Available benchmark results [2,4] are narrow and not very convincing. We should plan an evaluation of results after one release. If it turns out that the real gains are too small, we can scrap the effort. On the other hand, we should also consider other architectures. For example, microarchitecture levels
ppc64le. Other architectures are not included in this Change Proposal to reduce its scope.
The developers who are interested in this kind of optimization work can perform it within Fedora, without having to build separate repositories. The users who have the appropriate hardware will gain performance benefits. Faster code is also more energy-efficient. The change will be automatic and transparent to users.
Note that other distributions use higher microarchitecture levels. For example RHEL 9 uses x86-64-v2 as the baseline, RHEL 10 will use x86-64-v3, and other distros provide optimized variants (OpenSUSE, Arch Linux). We implement the same change in Fedora in a way that is scoped more narrowly, but should provide the same performance and energy benefits.
- Extend systemd to set the executable search path using the same criteria as the dynamic linker.
- Implement packaging changes for at least one package with a library and at least one package with executables and submit this as pull requests.

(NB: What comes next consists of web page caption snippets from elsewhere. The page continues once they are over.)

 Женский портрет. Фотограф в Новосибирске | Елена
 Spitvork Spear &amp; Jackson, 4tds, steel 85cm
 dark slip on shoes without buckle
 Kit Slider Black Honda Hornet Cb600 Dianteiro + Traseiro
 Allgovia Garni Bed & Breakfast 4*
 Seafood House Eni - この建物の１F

- Provide a pull request for the Packaging Guidelines to describe the changes listed in Description above.
- Do benchmarking and implement packaging changes for other packages if beneficial.

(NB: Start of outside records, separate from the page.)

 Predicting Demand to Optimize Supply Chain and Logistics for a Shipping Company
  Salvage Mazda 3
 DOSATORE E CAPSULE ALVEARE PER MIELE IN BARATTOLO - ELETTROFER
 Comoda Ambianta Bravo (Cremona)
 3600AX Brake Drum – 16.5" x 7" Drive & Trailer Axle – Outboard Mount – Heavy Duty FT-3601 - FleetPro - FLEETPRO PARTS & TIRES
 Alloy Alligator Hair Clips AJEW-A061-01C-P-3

Release engineering: #11864
Policies and guidelines: TBD.
Trademark approval: N/A (not needed for this Change)
Alignment with Community Initiatives:
/usr/bin/ld.so --helpto check which hwcaps are supported by the system.
- Install one or more packages which provide optimized code.
- Restart the system or re-login to reinitialize
- Check that appropriate directories are present in
- Run some benchmarks and check that the optimized code is indeed faster.
There should be no impact for users. If they optimized code is available and installed for their hardware, various tasks may finish faster and use less energy.
- Contingency mechanism: Undo the changes in packages which introduced them and recompile.
- Contingency deadline: Any time.
- Blocks release? No.
Packages which benefit from being compiled for higher AMD64 microarchitecture levels (
x86_64-v4) are now provided with optimized variants which will be used automatically on appropriate CPUs. This includes: TBD1, TBD2, TBD3.